■ Entries supplied:
*** Block opens ***
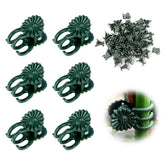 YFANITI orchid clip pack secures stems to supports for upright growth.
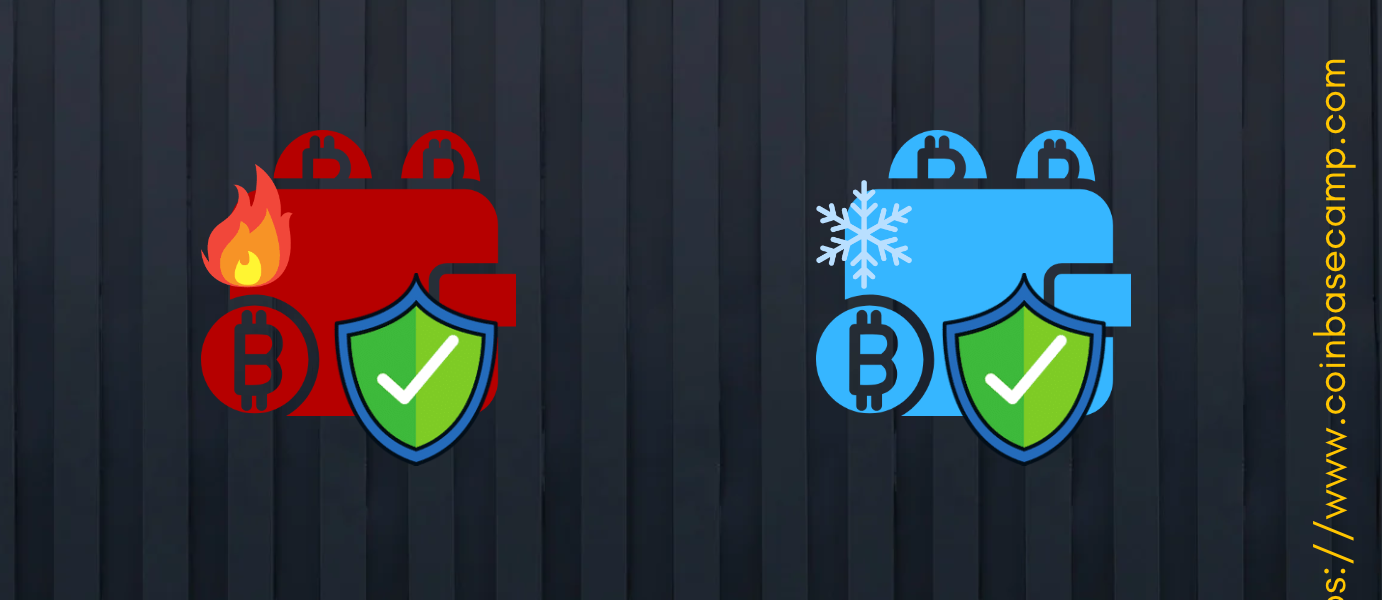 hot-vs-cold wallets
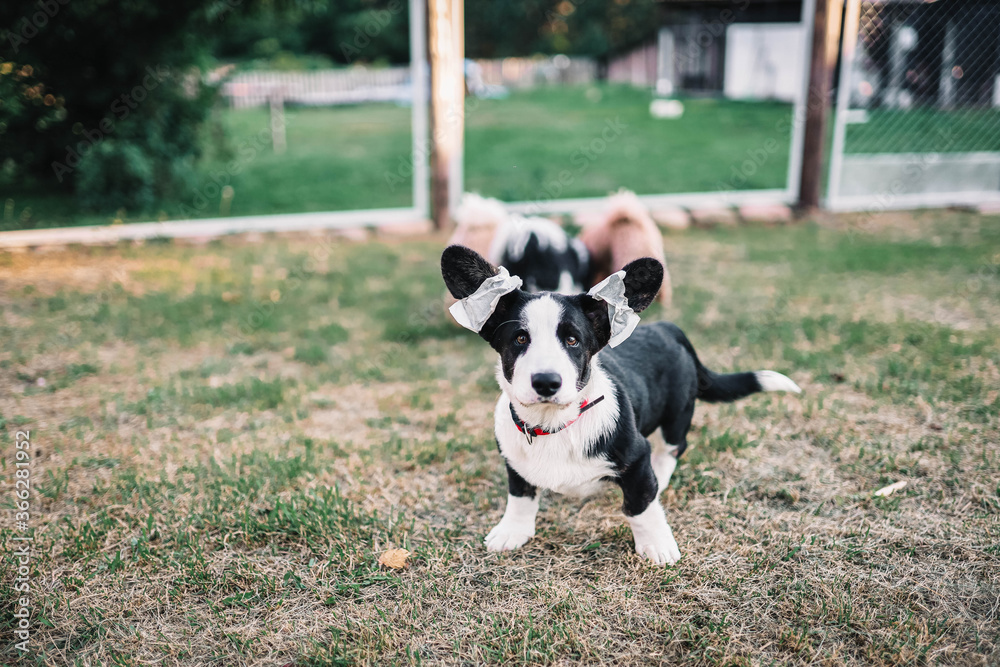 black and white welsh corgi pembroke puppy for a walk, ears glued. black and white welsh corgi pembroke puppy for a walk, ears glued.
*** Block closes ***
*** Block opens ***
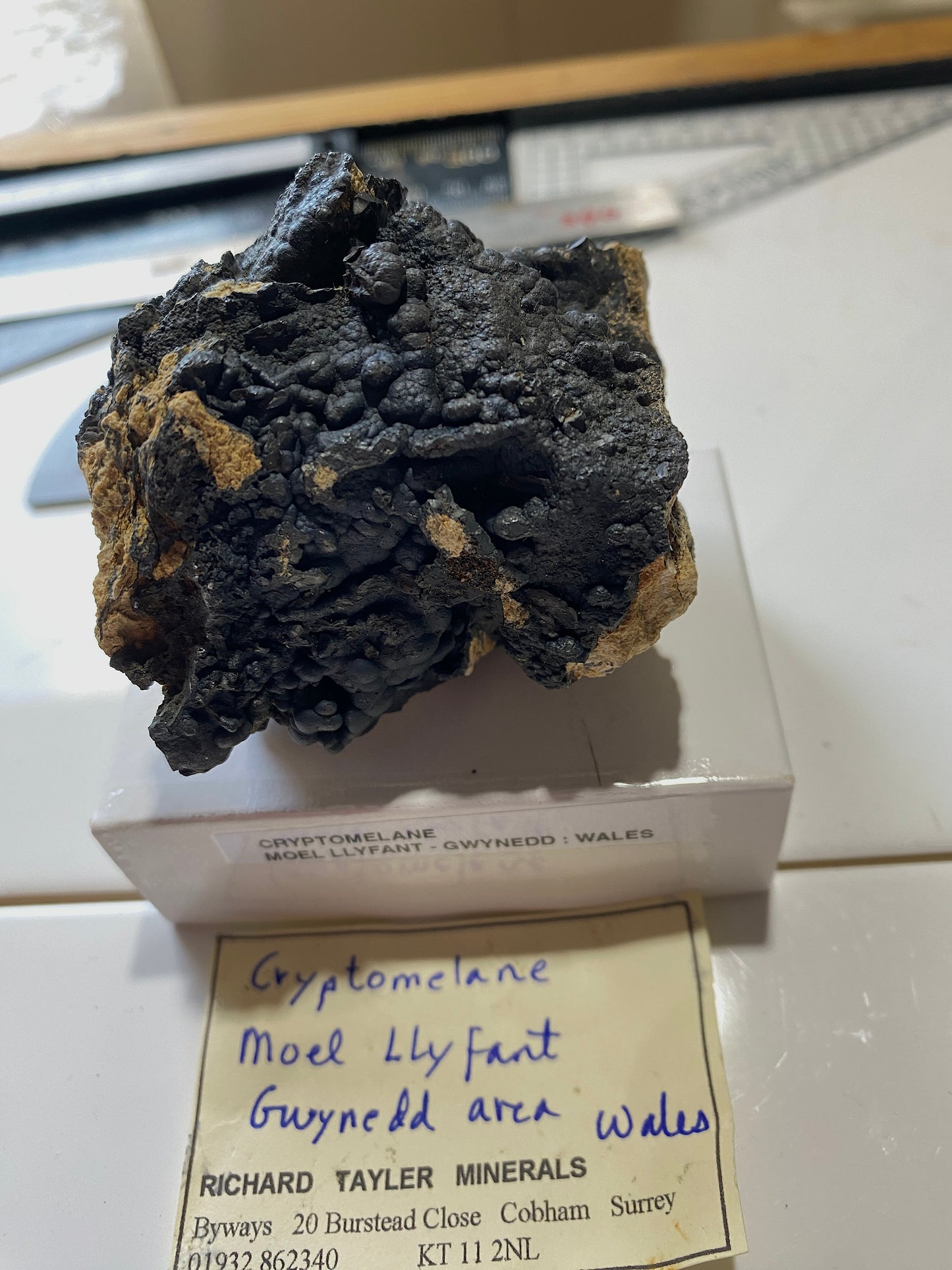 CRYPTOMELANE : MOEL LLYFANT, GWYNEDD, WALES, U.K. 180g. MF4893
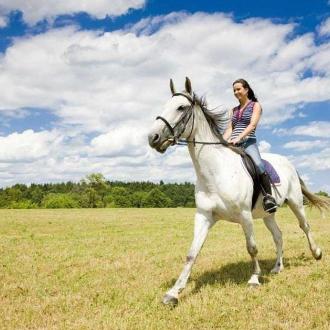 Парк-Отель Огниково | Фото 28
*** Block closes ***
The material above holds pictures; leave them out. Repeat exactly the lines from the one containing "YFANITI orchid clip" through the one containing "ears glued. black", and nothing else.

 YFANITI orchid clip pack secures stems to supports for upright growth.
 hot-vs-cold wallets
 black and white welsh corgi pembroke puppy for a walk, ears glued. black and white welsh corgi pembroke puppy for a walk, ears glued.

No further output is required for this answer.